En una entrevista para la revista Camera Obscura, Chantal Akerman señaló: “Pienso que es una película feminista porque doy lugar a cosas que nunca se mostraron, como la vida diaria de una mujer. […] De alguna manera, una reconoce esos gestos que siempre han sido negados e ignorados. Creo que el verdadero problema que se presenta con el cine de mujeres nunca tiene que ver con el contenido. […] Lo encaran y se olvidan de buscar las vías formales de expresar lo que son, lo que quieren, sus propios ritmos, su manera singular de ver las cosas. […] Ésta es la otra razón por la que creo que es una película feminista —no sólo por lo que dice, sino también por lo que muestra y cómo lo muestra—”. Jeanne Dielman… redefine conceptos estéticos y formales, comunica “lo que es ser mujer” sin restarle dimensión ni aprisionar la experiencia, todo lo contrario, en ese comunicar hay múltiples registros, un crisol de maneras y una aceptación de las diferencias. Muestra que no todo se puede mostrar, pero que en esa imposibilidad es donde debe nacer el cine y desprenderse de la vida para hacerla viajar por otros frentes.
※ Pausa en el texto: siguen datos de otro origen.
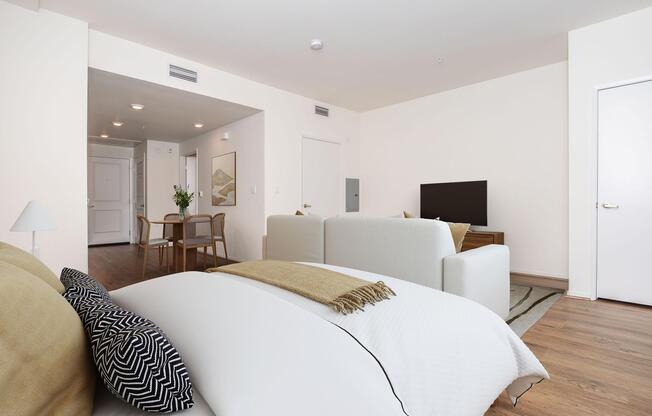 a bedroom with a large bed in a room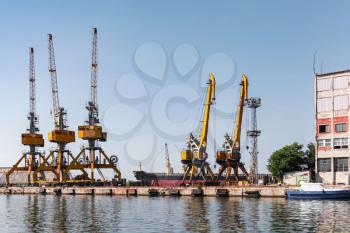 Yellow port cranes stand on the pier in Burgas harbor. Black Sea coast, Bulgaria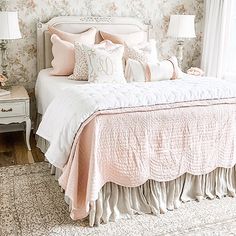 a bedroom with floral wallpaper and bedding in pink, white and gold colors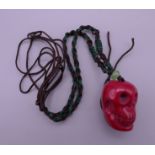 A coral skull pendant. 2.5 cm high.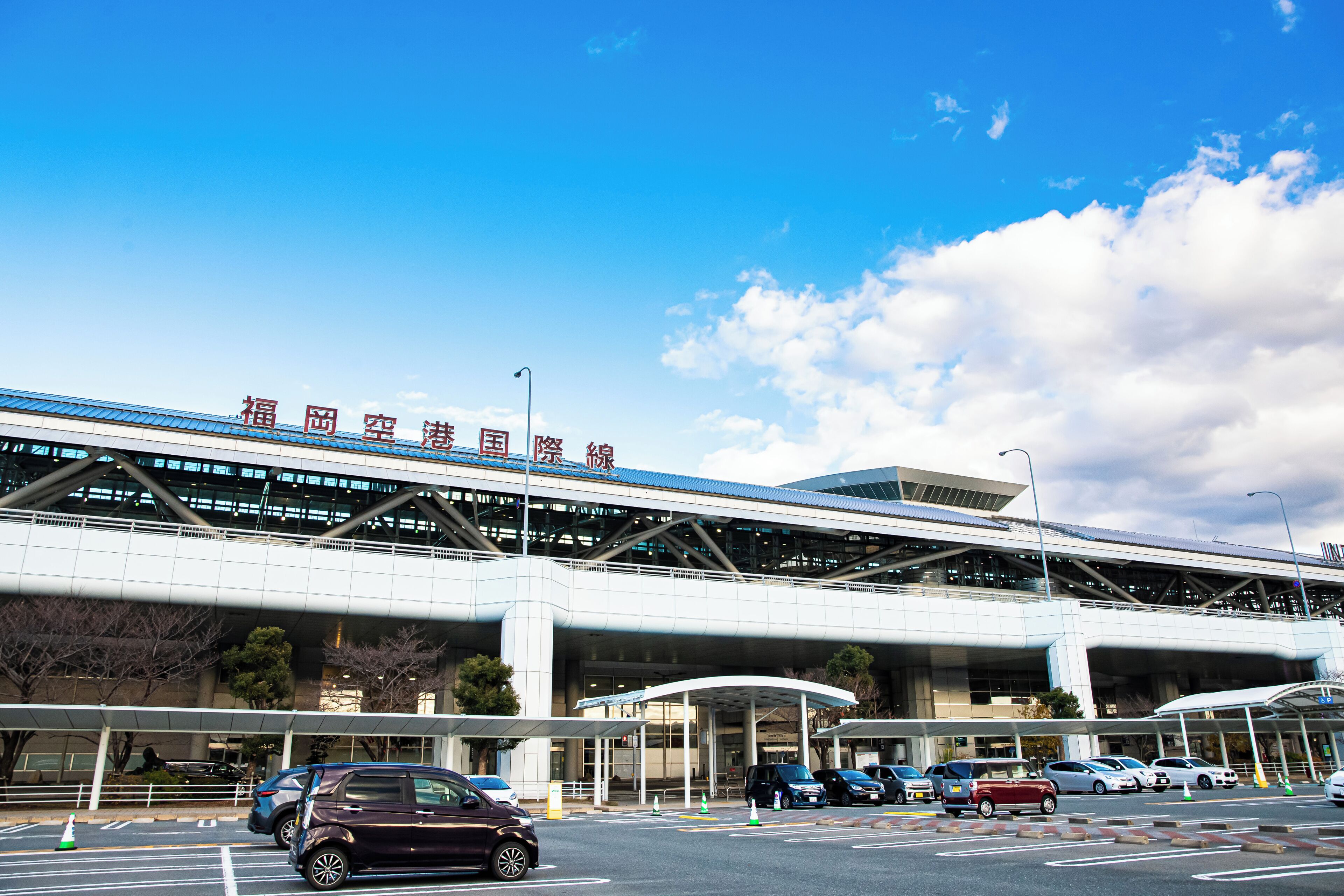 A modern airport terminal with clear signage, multiple entry points, and a covered waiting area.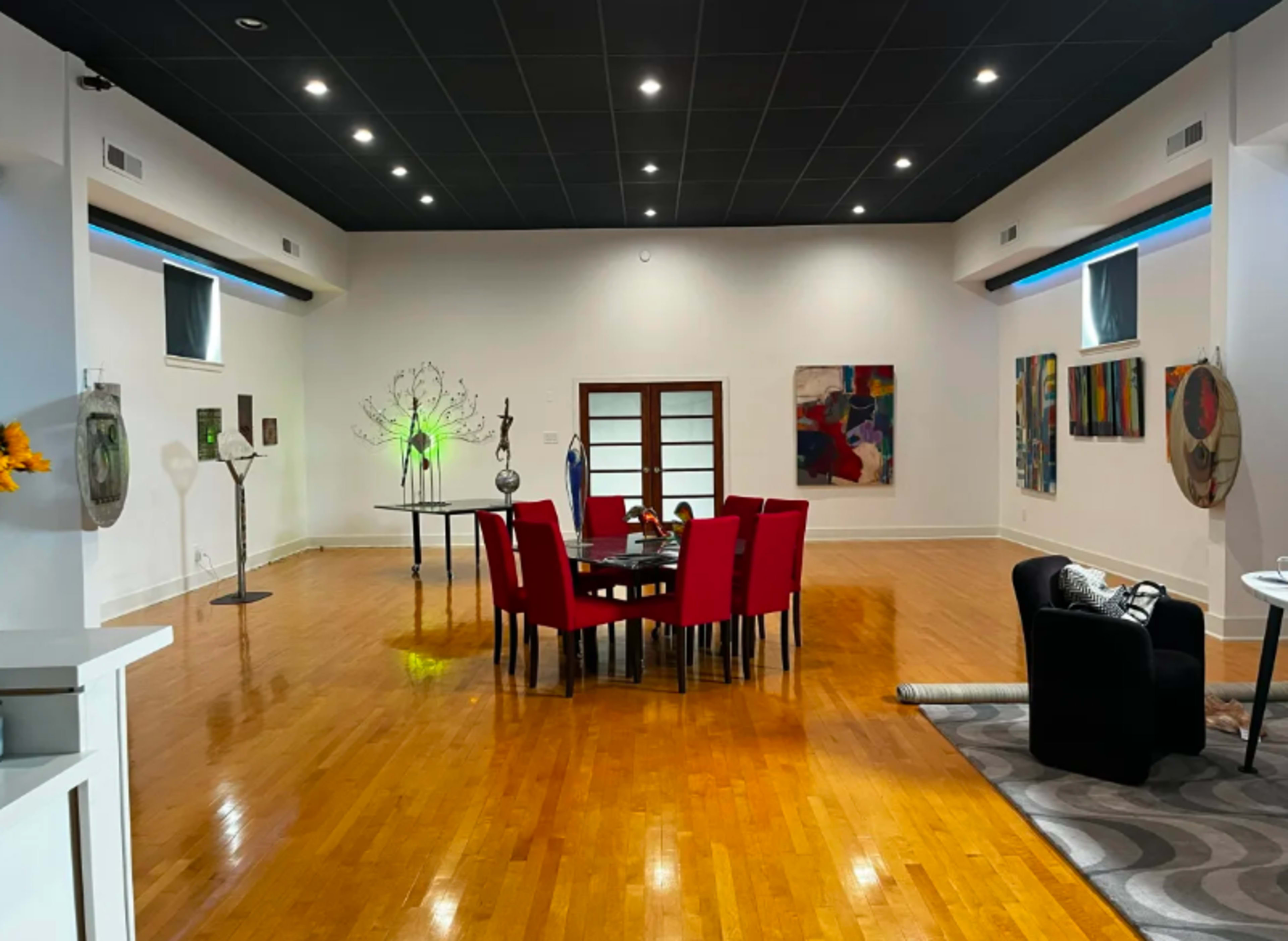 A spacious dining area features a large round table surrounded by red chairs, with various pieces of modern art on the walls and decorative objects throughout the room.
Casi al inicio, Jeanne recibe a un hombre en su casa. Avanzan por el pasillo y entran a la habitación cerrando la puerta tras de sí. Sin cortes, inmediatamente se abre la puerta y salen. Para nosotros no ha pasado el tiempo, pero dentro de la película ya ha transcurrido un buen lapso de minutos. Así se define el ritmo en la película: parece una casa donde no pasa el tiempo ni hay movimiento, pero son los pequeños desplazamientos los que dan cuenta de una metamorfosis, sobre cómo se transforma lo estático y se incrementan los efectos de la presencia de Jeanne. ¿Cómo se afecta esa realidad que parece no circular?, ¿qué hay tras el aparente sosiego? Una mujer que se camufla con las paredes de la casa, y cuyo vestido y toalla comparten el color de las cortinas. La primera escena sexual que vemos, después de todo un día en que las cosas van perdiendo su organización, la linealidad de la película se fractura y ocurre lo inesperado. El encierro apaciguado por las cartas que enviaba su hermana desde Canadá, el argot que compartía con sus vecinas, pasa de lo subterráneo a la luz, del resplandor al deslumbramiento y finalmente al incendio. Jeanne corta con unas tijeras el cuello del hombre que momentos antes jadeaba encima de ella. Su incomodidad toma un cauce extraño, pero podemos inferir que no nace de la locura, sino como un intento por acallar una garganta que ha parloteado suficiente. No es un final causal ni concluyente, tiene en su sustancia un peso mayor: lo inacabado, lo suspendido de una experiencia que no hemos comprendido del todo, y que ha encontrado en esos claroscuros una nueva vitalidad.